§ **Activity**
Only one stretch of the data below is wanted: the lines from the one with "Lee DAREN Schwarze Jeans Herrenjeans - 5" through the one with "Настенный фонарь Norlys, VOSS", repeated exactly.
══════════
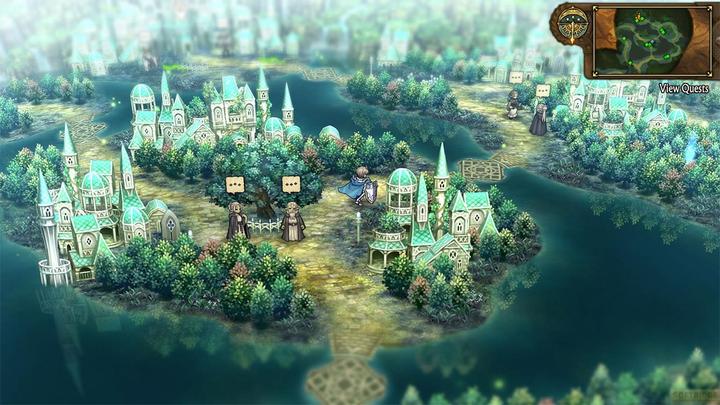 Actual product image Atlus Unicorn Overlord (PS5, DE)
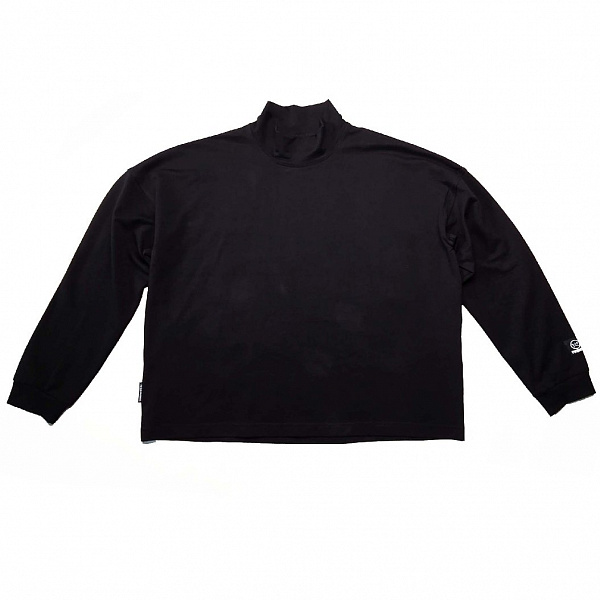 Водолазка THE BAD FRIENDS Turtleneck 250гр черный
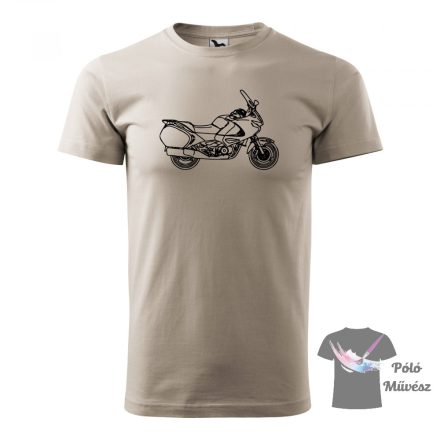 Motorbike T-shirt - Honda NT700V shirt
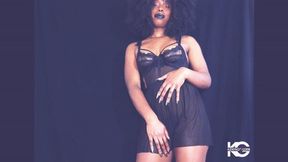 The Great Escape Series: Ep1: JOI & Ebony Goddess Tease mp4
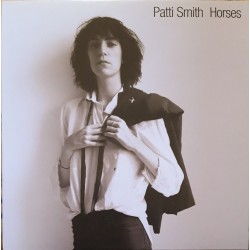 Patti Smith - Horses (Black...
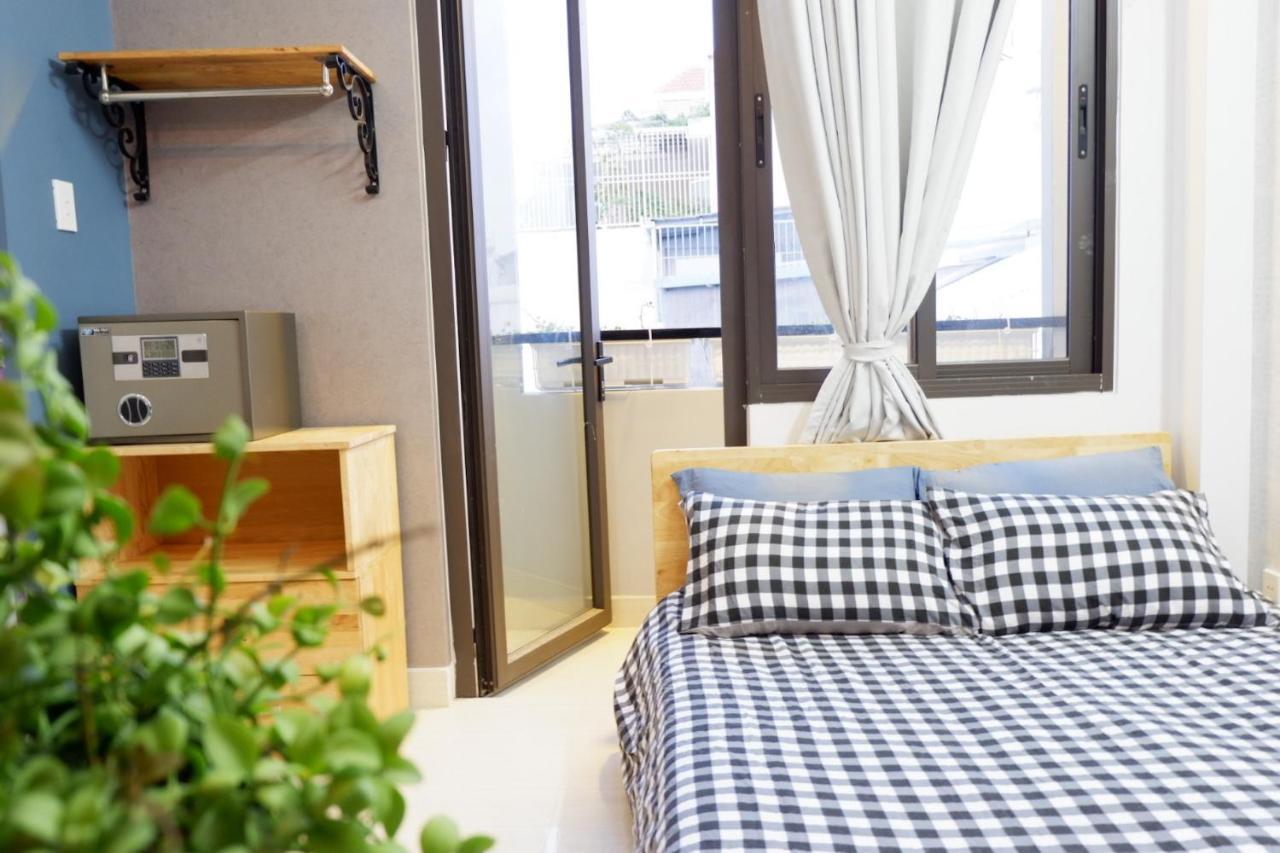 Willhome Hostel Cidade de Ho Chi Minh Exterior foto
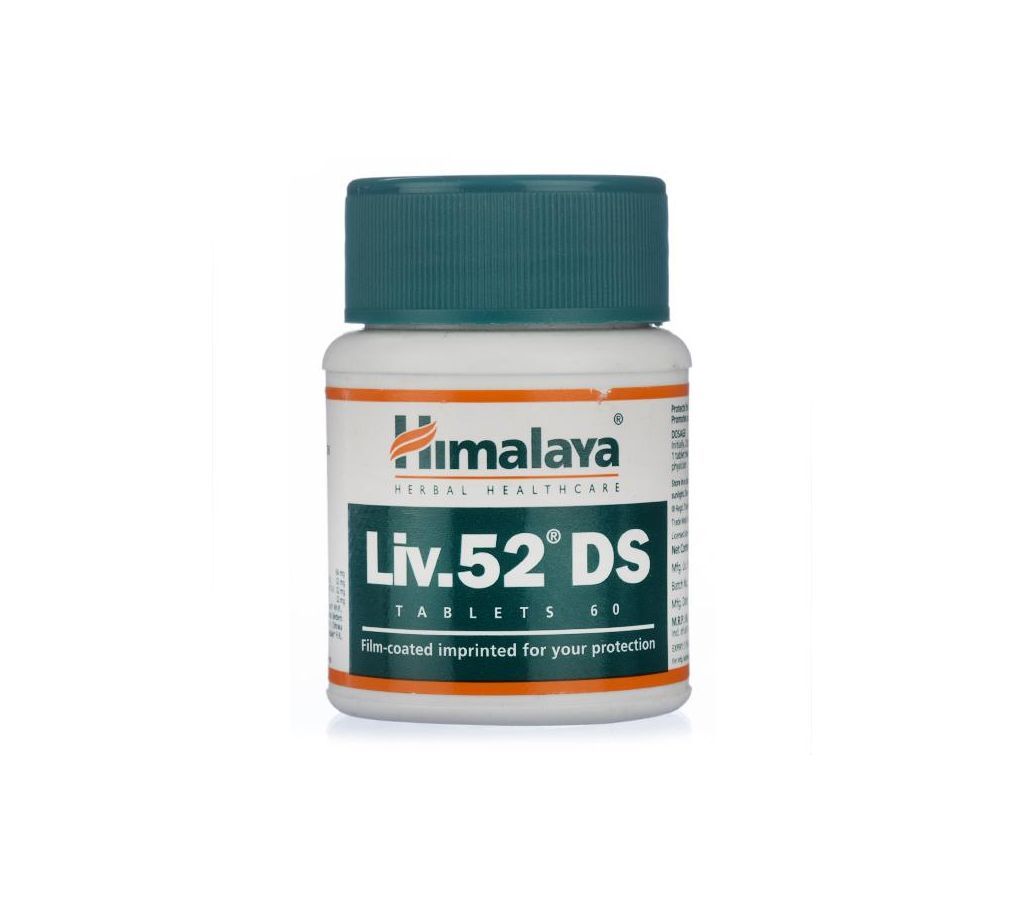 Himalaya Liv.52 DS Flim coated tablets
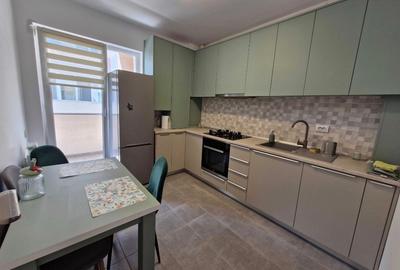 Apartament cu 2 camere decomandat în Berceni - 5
══════════
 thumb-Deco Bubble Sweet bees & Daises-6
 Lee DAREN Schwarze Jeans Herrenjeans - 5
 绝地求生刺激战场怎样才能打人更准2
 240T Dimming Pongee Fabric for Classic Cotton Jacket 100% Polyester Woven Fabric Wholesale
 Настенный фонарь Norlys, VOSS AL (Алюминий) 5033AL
══════════
§ **Finished exercise**
 Lee DAREN Schwarze Jeans Herrenjeans - 5
 绝地求生刺激战场怎样才能打人更准2
 240T Dimming Pongee Fabric for Classic Cotton Jacket 100% Polyester Woven Fabric Wholesale
 Настенный фонарь Norlys, VOSS AL (Алюминий) 5033AL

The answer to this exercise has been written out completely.